Exercise materials
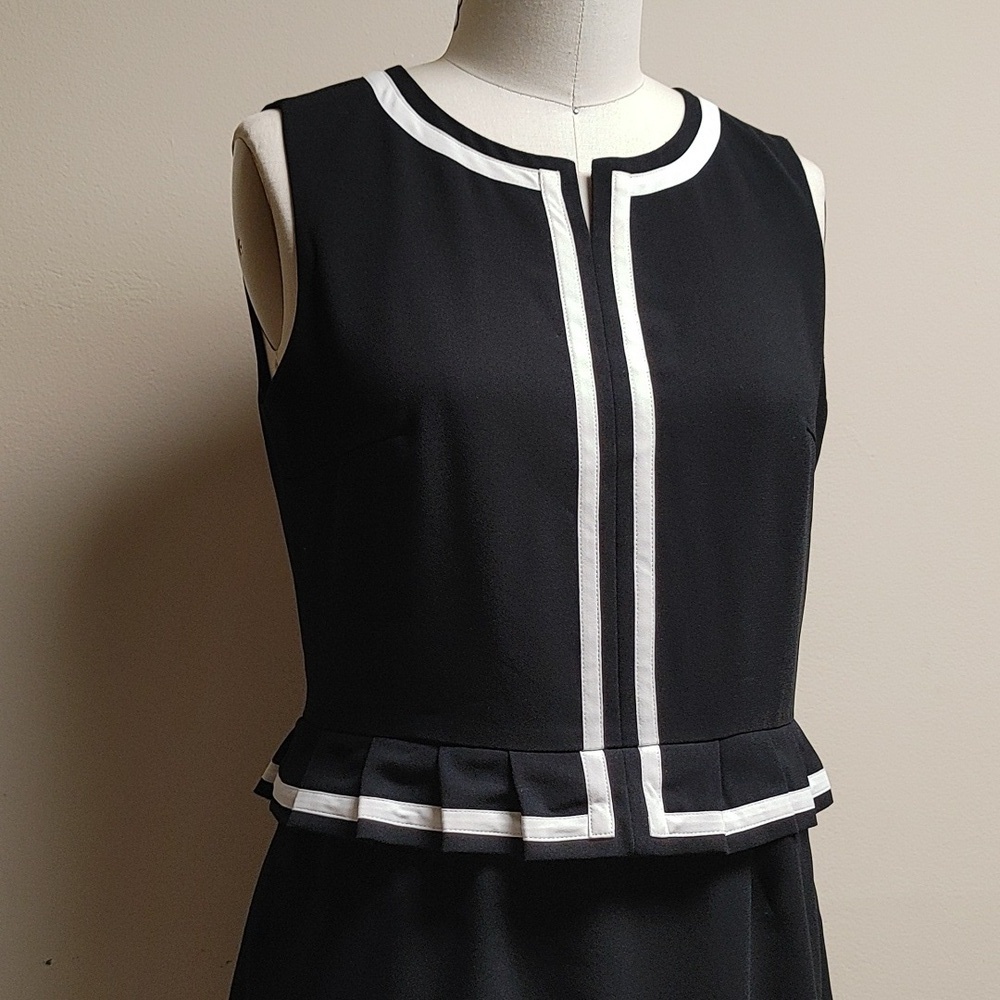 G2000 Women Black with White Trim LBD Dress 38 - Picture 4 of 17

...

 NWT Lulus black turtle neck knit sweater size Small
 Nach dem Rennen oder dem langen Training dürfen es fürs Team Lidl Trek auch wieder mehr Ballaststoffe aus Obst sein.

Problem statement
Word for word, restate the lines of the listing above starting at the line with "NWT Lulus black" and ending at the line with "Nach dem Rennen", and nothing outside them.

Result of the task
 NWT Lulus black turtle neck knit sweater size Small
 Nach dem Rennen oder dem langen Training dürfen es fürs Team Lidl Trek auch wieder mehr Ballaststoffe aus Obst sein.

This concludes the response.